Fearless Woman: Mind the data gap

Addressing the gender data gap in the investment industry will widen the potential customer pool

ESG Clarity is delighted to support the City Hive campaign celebrating 50 years of women investing in the UK. In this piece, the organisation takes a look at the impact of the gender data gap on women.

While it was once reserved to the confines of the tech industry, data is a word that has made its way into our day-to-day lives. From our health to our shopping habits, and of course our finances and spending, data is something we see, interact with, and use to make decisions on a near constant basis.

However, is it truly reflective of who we are? Back in 2019, journalist and social activist Caroline Criado Perez published her book Invisible Women, which highlighted the phenomenon of the gender data gap.

In short, Criado Perez’s research revealed the data collected to design various elements of our modern society appears to primarily consider men’s experiences yet omit women’s. When data covering both men and women was collected, rather than being separated according to gender, it tended to be lumped together as one.

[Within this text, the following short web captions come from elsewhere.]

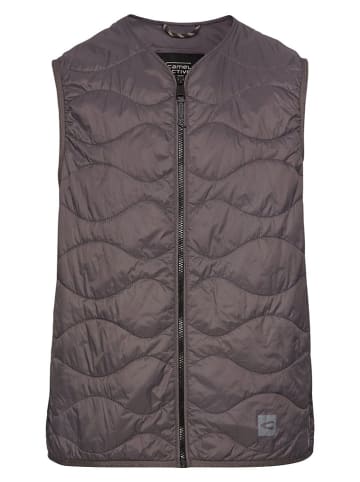 Camel Active Doorgestikte bodywarmer grijs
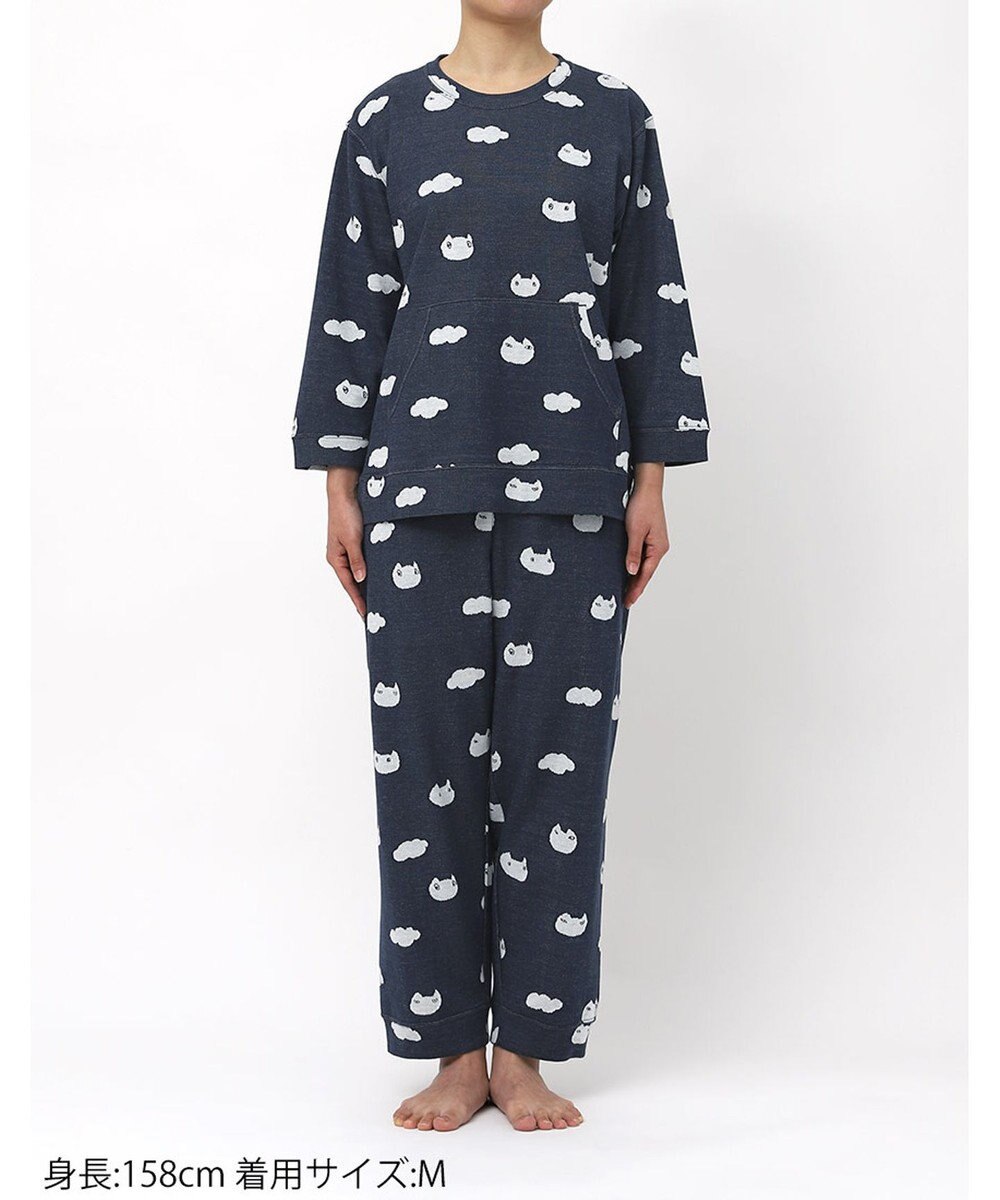 tsumori chisato SLEEP ツモリチサト パジャマ 綿100%(本体) ジャカード 8分袖 長袖 9分丈 レディース UDX218/ワコール 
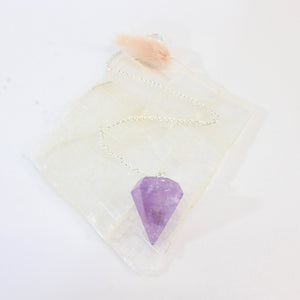 Amethyst crystal pendulum | ASH&STONE Crystals Shop Auckland NZ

This one-sided data was in turn being used to influence decisions about research funding, design, marketing and much more, thus creating spaces, services and products that simply did not work effectively for women.

According to Criado Perez’s research, the data gap means “women are 50% more likely to be misdiagnosed if they have a heart attack in the UK, they’re also more likely to die.” Women are also 17% more likely to suffer fatalities in a car crash. As the book points out, using data that only considers the male experience, effectively renders women invisible.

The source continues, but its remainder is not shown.